Without changing a word, copy every line of the listing below and leave out the images.

MATERIAL PROVIDED:
....................
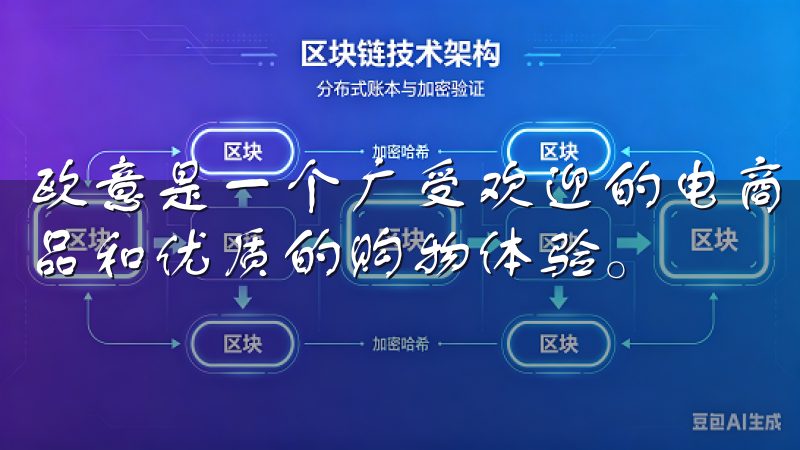 欧意是一个广受欢迎的电商平台，致力于为用户提供高品质的商品和优质的购物体验。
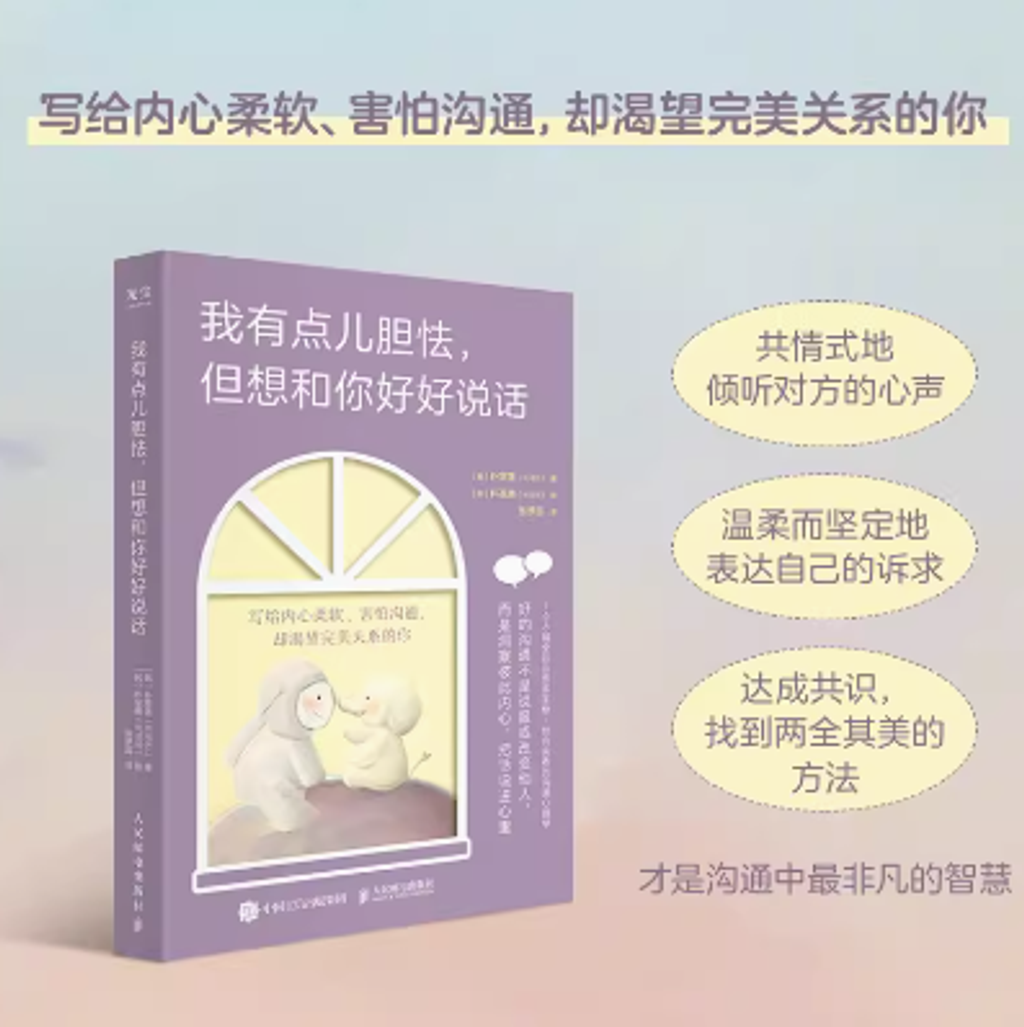 Screenshot 2024-01-31 170231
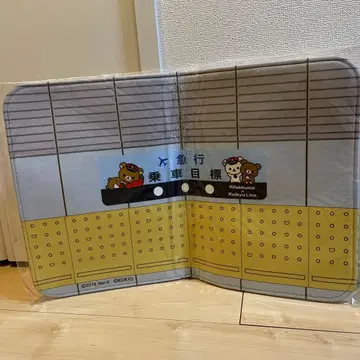 리락쿠마 욕실 매트 게이큐 콜라보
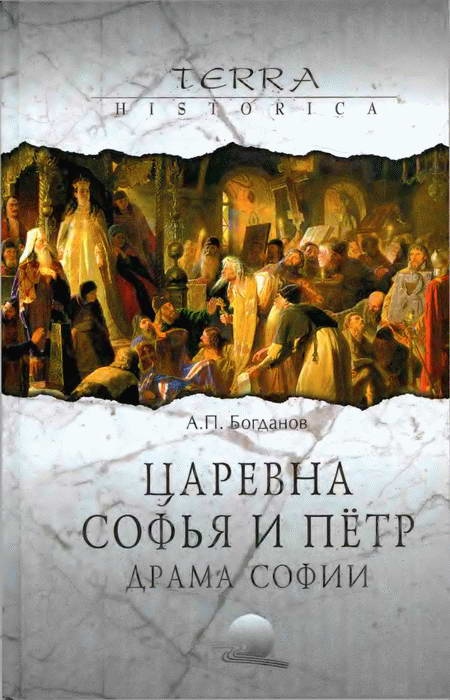 Царевна Софья и Пётр. Драма Софии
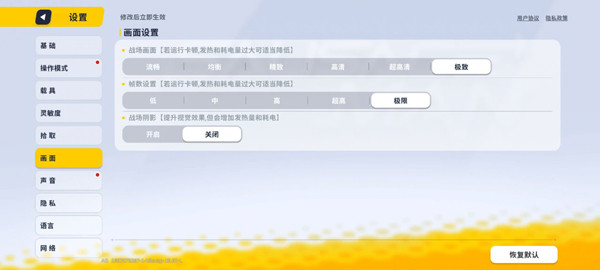 香肠派对画质助手120帧安卓2026玩家评价与使用心得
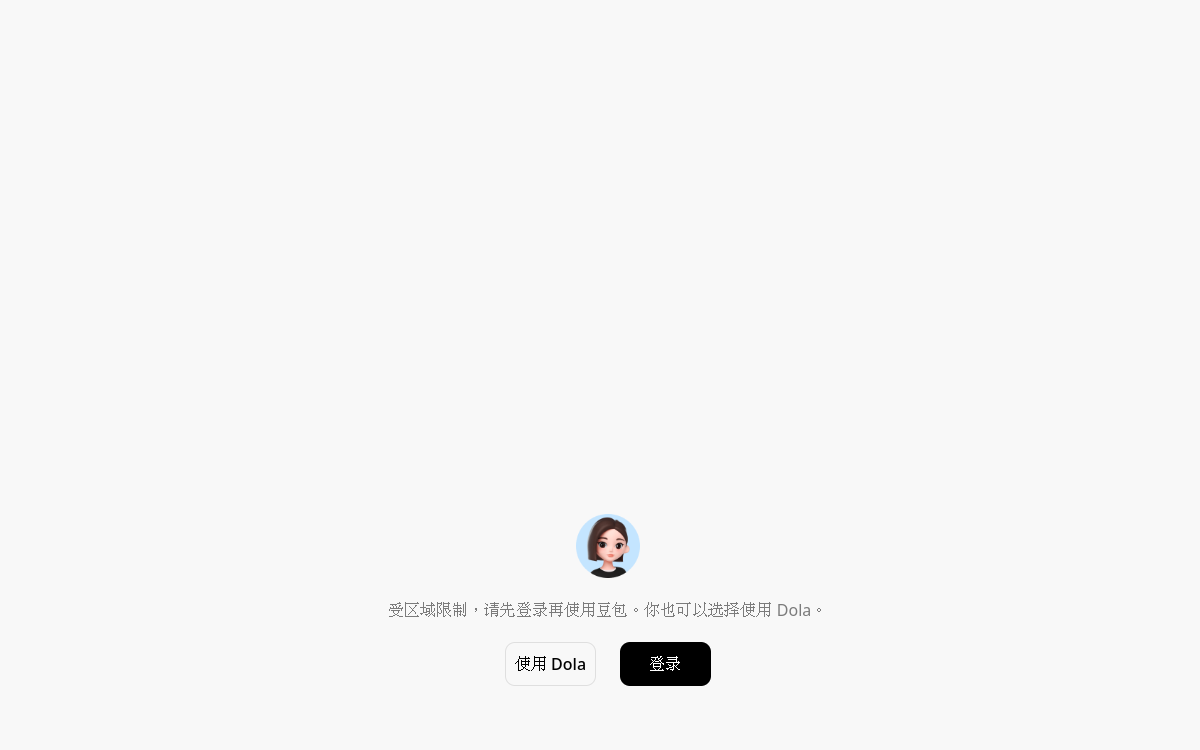 豆包 网站预览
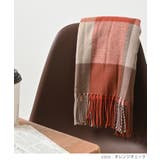 ストール 吸湿発熱 抗菌 | Honeys | 詳細画像11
....................
SOLUTION TO THIS TASK:
 欧意是一个广受欢迎的电商平台，致力于为用户提供高品质的商品和优质的购物体验。
 Screenshot 2024-01-31 170231
 리락쿠마 욕실 매트 게이큐 콜라보
 Царевна Софья и Пётр. Драма Софии
 香肠派对画质助手120帧安卓2026玩家评价与使用心得
 豆包 网站预览
 ストール 吸湿発熱 抗菌 | Honeys | 詳細画像11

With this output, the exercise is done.